Plane Truth



Here's an excellent article about the shooting down of Flight MH17 and the refusal of Putin's Russia to accept responsibility for the loss of 298 innocent lives.

  

https://members.tortoisemedia.com/2019/04/02/mh17/content.html?sig=FI8646kP1SQ8q6_xnKiO0PeXEjhjApVJx68-HFwRJIg&utm_source=Twitter&utm_medium=Social&utm_campaign=2April2019&utm_content=MH17_Plane_truth


The downing of MH17

Plane truth

  • It is nearly five years since a Russian missile destroyed Malaysia Airlines’ flight MH17 killing 298 people
  • Those responsible are still getting away with murder. We need to know what Robert Mueller’s investigation into Russia and the US has found
  • Is the international community powerless to hold a rogue superpower to account? It would have been, but for a few citizen journalists with a keen sense of indignation

BY GILES WHITTELL

Outside it’s bright and blustery. Inside, light falls through the window onto an almost life-size photograph of Elsemiek de Borst, looking over her shoulder at the camera, on a beach. She was 16 when the picture was taken; 17 when she said her last goodbye.

On 17 July, 2014, Elsemiek left for Amsterdam’s Schipol airport with her younger brother, mother and stepfather. They were booked on Malaysia Airlines’ flight MH17 to Kuala Lumpur and she was excited. She hadn’t been to Malaysia before.


The four of them took up half of row 40 near the back of the plane. Elsemiek had seat 40G. It wasn’t a window but she wouldn’t have seen it coming anyway. The missile that destroyed the plane would have closed on its target at roughly three times the speed of sound.

There had been time for lunch over Poland and coffee over western Ukraine. It happened as they approached the Donbass, the tortured patch of farming and mining territory that Moscow is trying to prise from Kiev’s control. Nearly three hours into the flight a warhead built in Russia to shoot down spy planes and fighter jets detonated a few metres from the cockpit. The pilot and co-pilot died at once. According to a team of Australian pathologists hired by the Dutch government most passengers will have lost consciousness almost immediately as well, because of the explosive decompression of a fuselage torn open a mile higher than the top of Everest. That thought brings some solace to Elsemiek’s father, Hans. Even so, in clinical terms his daughter may still have been alive up to the moment of impact in a field outside the village of Hrabove in eastern Ukraine, a little after 4.20 pm local time. She wanted to be an engineer. But for that missile, she would have qualified by now.

The evidence of Russia’s role in deploying the weapon that killed 298 people on MH17 is now overwhelming.

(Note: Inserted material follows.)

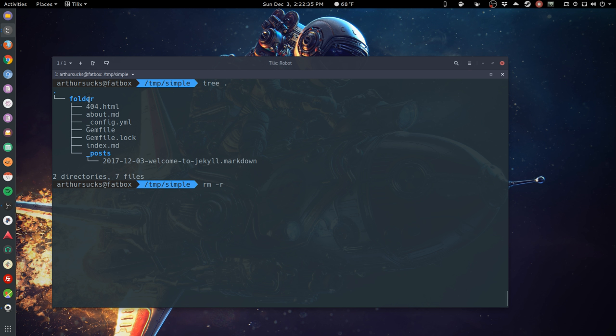That means we're going to point it at this folder, but we're going to have it delete everything inside the folder also and including the subfolders. Again, be very careful and make sure you're doing this to the folder you want to do.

Hans de Borst has spent much of the past five years trying to force Russia to acknowledge it, but after all this time his friends have started asking why he bothers. “And I say there was a mass murder and the people who did it just walk away,” he answers. “It cannot be.”


Silent protest opposite the Russian Embassy in The Hague

He has written, with furious sarcasm, to Vladimir Putin. (“Thank you very much, mister Putin… for murdering my loved and only child!”). He has helped to organise a silent protest in The Hague consisting of 298 empty chairs arranged in neat rows exactly as if in a Boeing 777, pointing across a pond towards the Russian embassy. On the same spot he has since placed a bench with a plaque and a message: “Waiting for responsibility and clarity.”

Last week the Dutch foreign minister said his government had started talks on MH17 with Russia and Australia. Good luck to them. The residue of an all-out Russian misinformation campaign has poisoned what little ground the three countries may find on which to start a dialogue. In the meantime the wait for clarity goes on, and a question lingers: why has the world been powerless to hold one country to account for such a crime?

Part of the answer lies in the narrow focus of Washington’s interest in Russia. Congress imposed sanctions on Vladimir Putin’s inner circle after the MH17 disaster, but Donald Trump has barely mentioned it. Putin’s fight to get those sanctions lifted is an essential part of the context of his meddling in America. What does the Mueller report have to say on this? We don’t know yet, which is why we need to.

In the meantime whole countries are in thrall to the Kremlin’s generalised disdain – for life, due process and facts. The old order, in which it was assumed rogue nations could be dragged into line by the community of nations, has broken down. Russia’s veto at the UN Security Council emasculates it. Russia’s rejection of every court claiming jurisdiction tests the idea of international justice to destruction. America looks powerless and everyone feels it.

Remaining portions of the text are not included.